Written by
penelope graham

As the Canadian real estate market hit new frantic highs over the course of 2021, it’s no surprise that the number of new mortgages taken out has also increased, but what’s perhaps surprising is that the age group of Generation Z (born between 1995 and the present) are consistently accounting for a larger share of those borrowers.

the TransUnion Credit Industry Report Fourth Quarter 2021 (CIIR) reveals that in the third quarter of 2021, the number of mortgage originations increased 5.6% year over year, and the share of Gen Z mortgage borrowers increased 30%, far outpacing any other age group. While it still represents only a fraction of the overall mortgage market at 4% (compared to 43% for Millennials and 37% for Gen Xers), it’s an interesting development given the way housing affordability has eroded in markets across the country.
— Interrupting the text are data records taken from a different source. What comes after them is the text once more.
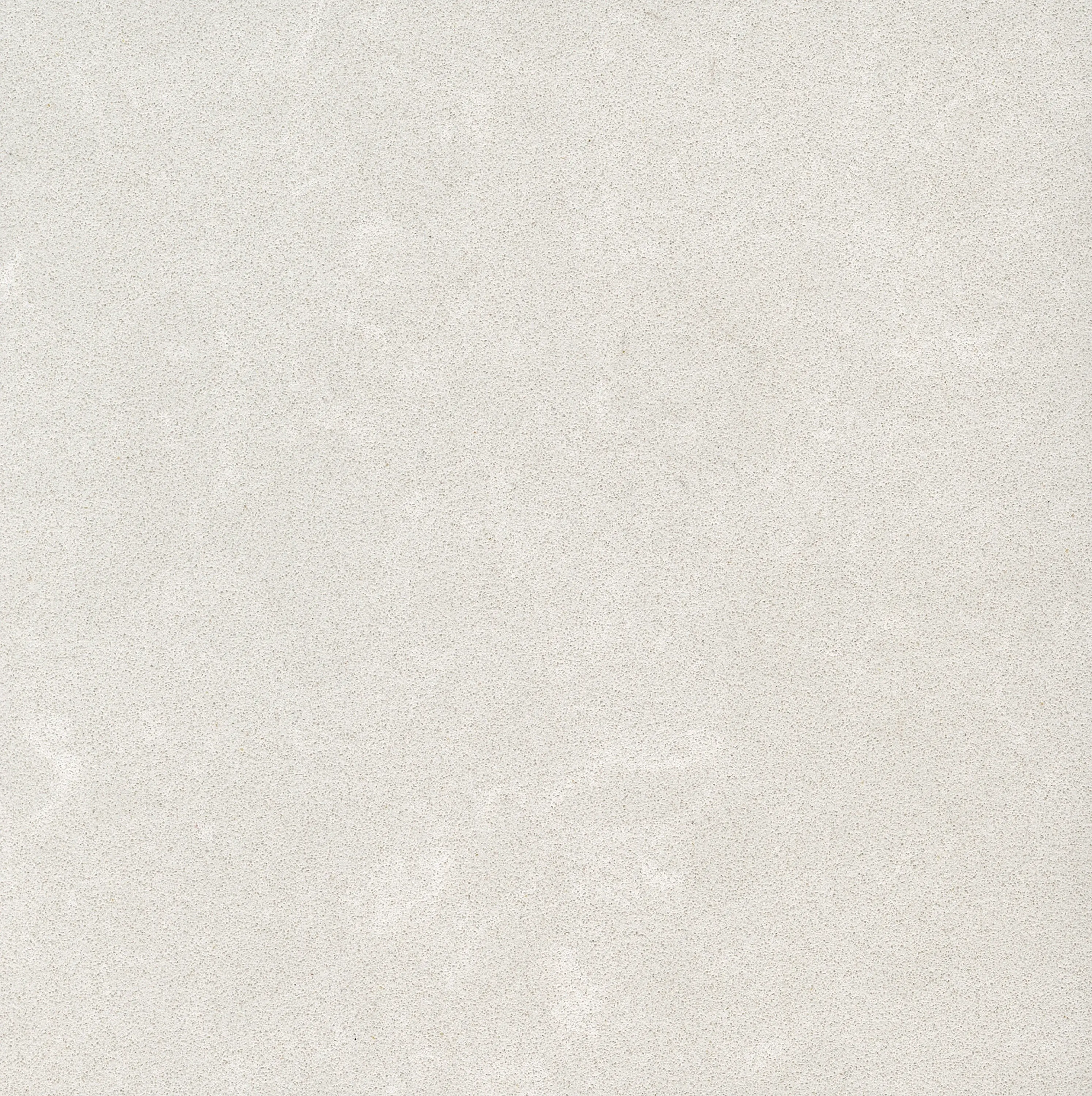 Cosentino - Silestone Yukon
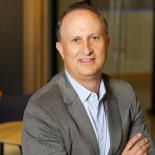 From Feedback to Future: Elevating the Patient Experience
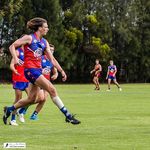 Aaron Wordsworth - @aaron_wordsworth - Instagram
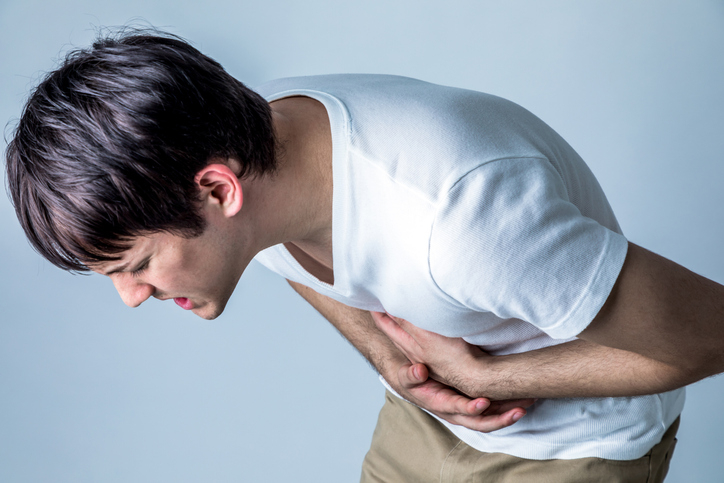 식중독 환자 급증↑, '노로 바이러스' 증상 및 원인은?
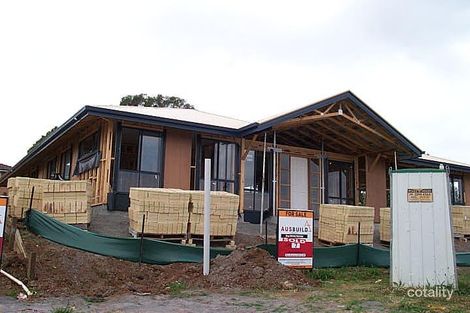 Property photo of 16 Durham Place Taigum QLD 4018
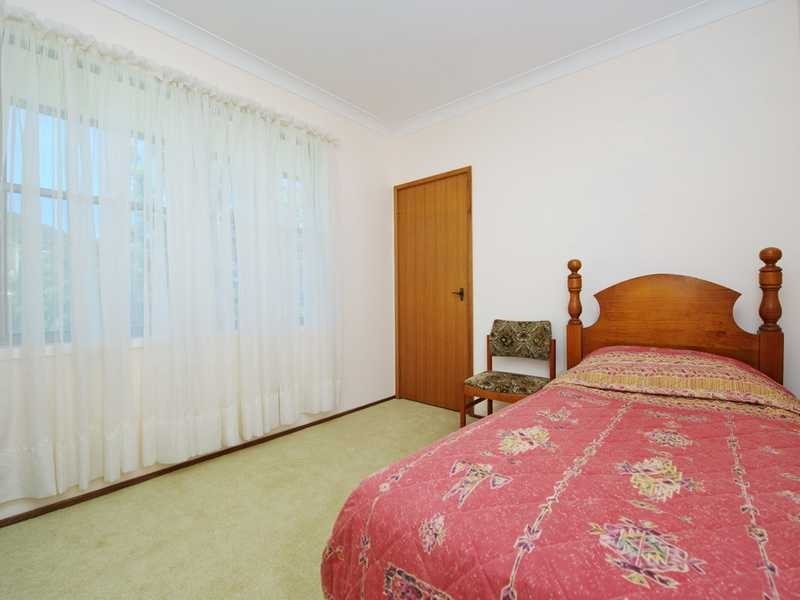 1 Yoolarai Crescent, Nelson Bay NSW 2315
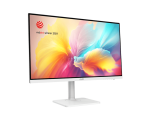 MSI Modern MD272QXPW Computer Monitor 1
Overall, mortgage balances rose 11%, reflecting strong price growth, the report reveals.

transunion

TransUnion says that as home prices soared over the course of the fourth quarter, fueled by cheap lending rates and tight inventory, the average mortgage balance for individual consumers rose 10% year over year, at $320,835. This was especially prevalent in Ontario and British Columbia, where balances increased 22% and 19%, respectively.

Not surprisingly, this was concentrated in the most expensive urban centers: The average Torontonian who took out a home loan last quarter now has a 16% higher mortgage burden, at $580,470, while Vancouverites have a mortgage balance nearly $700,000, an increase of 13%. at $691,780. Additional consumer research from TransUnion’s Consumer Pulse survey shows that rising home prices are a barrier to home ownership for 44% of respondents.

Canadians have been better at paying down debt during the pandemic

However, despite taking on much larger portions of mortgage debt, consumers have been better at paying off their overall debt as delinquencies have been lower than expected for several quarters.

Credit card delinquencies (defined as 90 days or more delinquent on at least one credit card) increased by two basis points (bp), while personal loan delinquencies (60 days delinquent on at least one installment loan ) increased 9 bp in Q4. While it was the second straight quarter of increases, TransUnion says it’s a sign of recovery and a growing economy as consumers return to pre-pandemic credit behaviors.

Rate hikes will affect Canadians’ ability to pay

Of course, the cost of borrowing is now officially on the rise: the Bank of Canada announced its first rate hike since 2018, to 0.5%, this morning. Consumer lenders have already started to pass the higher benchmark onto their prime rates and, by extension, their variable rate products. As a result, adjustable-rate mortgage holders and those with lines of credit will see their payments increase, or less of their monthly payments will go toward their principal debt.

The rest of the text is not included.